Republican solidarity diluted by Coke…

SINN Fein’s newspaper An Phoblacht has consistently and strongly criticised Coca Cola’s human rights record, and many Sinn Fein members have supported a call by the republican paper to boycott the soft drink. But what would have happened if the boycott had been successful? Sinn Fein Councillor Michael Ferguson provides an insight below.
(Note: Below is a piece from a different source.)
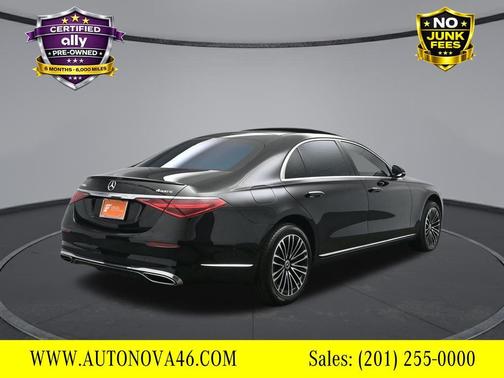2023 Mercedes-Benz S-Class S 580 4MATIC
As Coca Cola reveals that it is to rationalise operations in Ireland (that is, close one of the two plants, one of which is at Lambeg, Lisburn), Councillor Ferguson told the Irish News (subs needed):

  • Davros

    I must admit , I have supported the SF call to boycott Coca Cola products. If only Mecca Cola was available . I hear it’s excellent.

  • Belfast Gonzo

    Your reward will be great in Heaven, davros – 70 Virgin Colas.

  • Pat Mc Larnon

    Gonzo,
    perhaps you can tell us what is the Alliance party line on the abuse of Third World workers rights in Coca Cola plants.
    Even better would be Seamus Closes views re Lambeg.
    To be fair I haven’t seen Alliance show much concern over either.

  • peteb

    You forgot to mention the promotion of the boycott by SF while its US division was happily accepting donations from Coca Cola, Gonzo.
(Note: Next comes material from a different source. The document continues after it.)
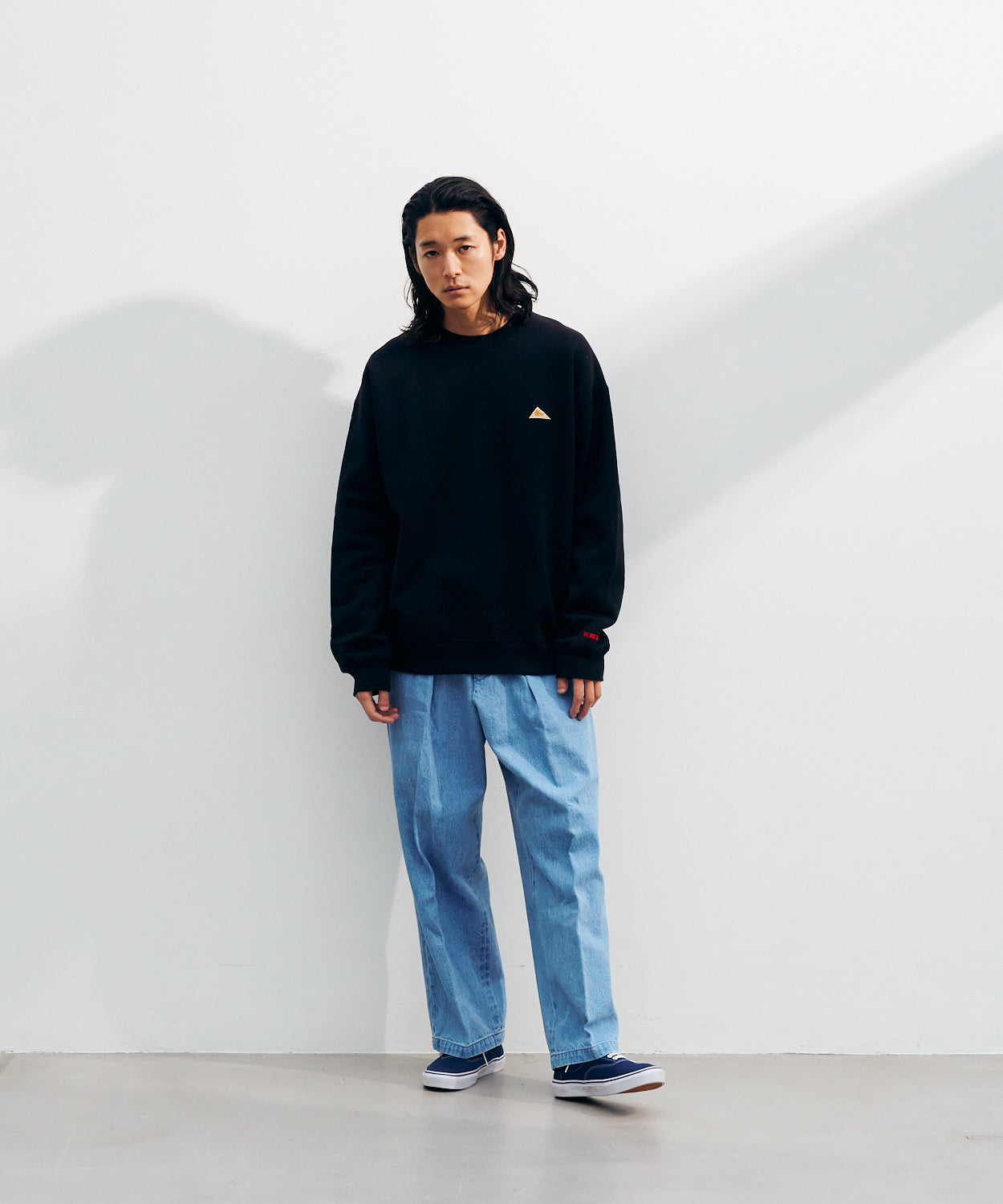 Mini Logo Crew Neck Sweat / ミニロゴクルーネックスウェット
    But congratulations for managing to avoid the use of “hypocritical” in this piece – an achievement in itself! :o)

  • Belfast Gonzo

    Pat

    Never mind Alliance, what is Sinn Fein’s position?

    It seems to be somewhat ‘flexible’. Hence the post.

  • Rebecca Black

    I think its just an Irish thing to be anti coke. At Trinity they held a referendum on whether or not we should boycott coke in the college and the result was that the SU shop was not longer allowed to sell coke.
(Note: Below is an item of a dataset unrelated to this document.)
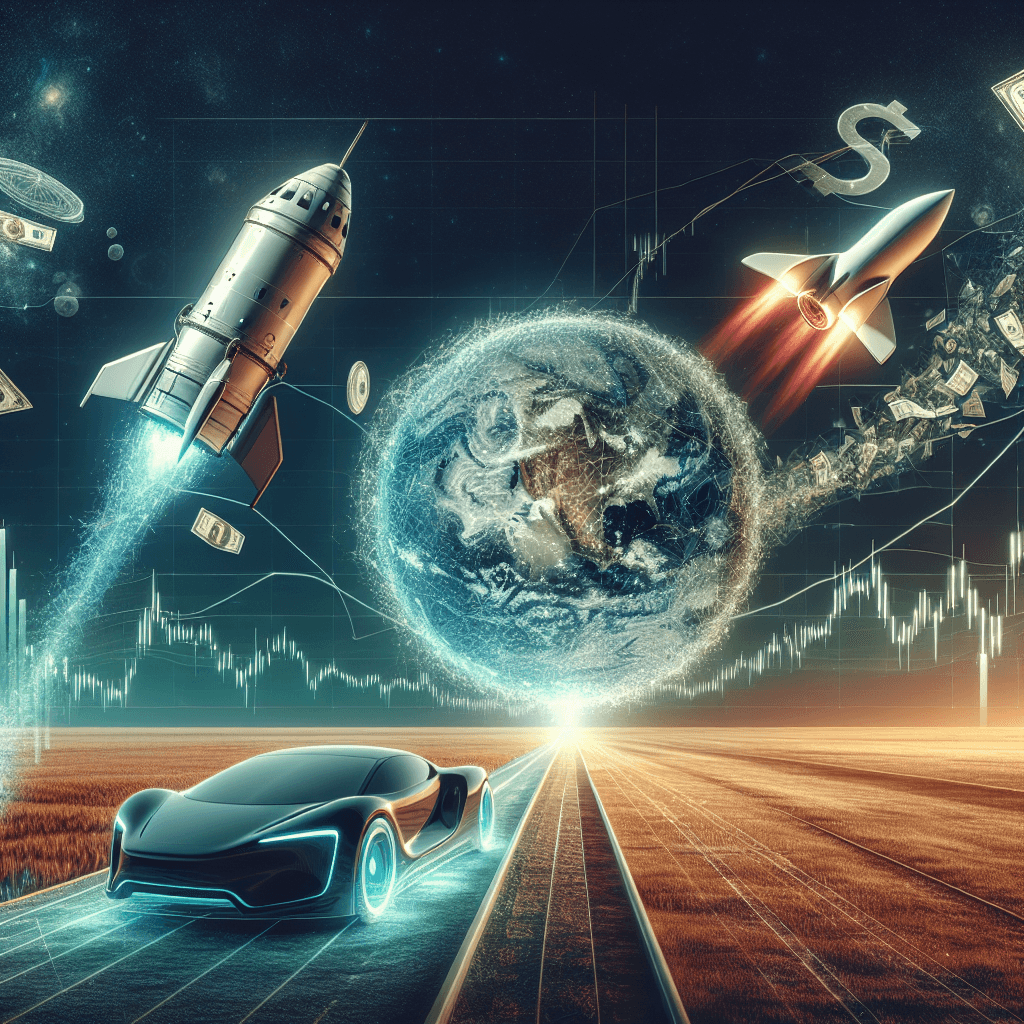 Investors Fuel Speculation on Potential SpaceX-Tesla Merger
    Now all that did was irritate people and make the SU lose a load of money in the shop because people went across the road to Spar where they did sell coke.

    Ok, so coke may be fairly dubious but I’m sure if we knew the full extent of exploitation of workers across the world working for all the big corporations we wouldn’t buy anything!

  • Pat Mc Larnon

    So Alliance have absolutely nothing to say, except to hang around the DUPers looking for crumbs. Their descent into irrelevance has indeed been dramatic.

  • cg

    “I think its just an Irish thing to be anti coke”

    Rebecca

    Apart from your comment being racist It isn’t just Irish people who object to coke It’s an International campaign.

    “I’m sure if we knew the full extent of exploitation of workers across the world working for all the big corporations we wouldn’t buy anything!”

    While I am hardly a friend of Multinational Corporations I haven’t yet heard of any that support murder of trade union officals.Rebecca just try the spirit of solidatory for a change.

  • Rebecca Black

    cg

    calm yourself, I was merely observing that since Sinn Fein seem quite interested in the anti-coke campaign and that from my experiences living in the republic this seems to be a trend with the Irish. Certainly people in Britain on the whole wouldn’t be as aware and feel as strongly about the issue as most of the Irish people I know.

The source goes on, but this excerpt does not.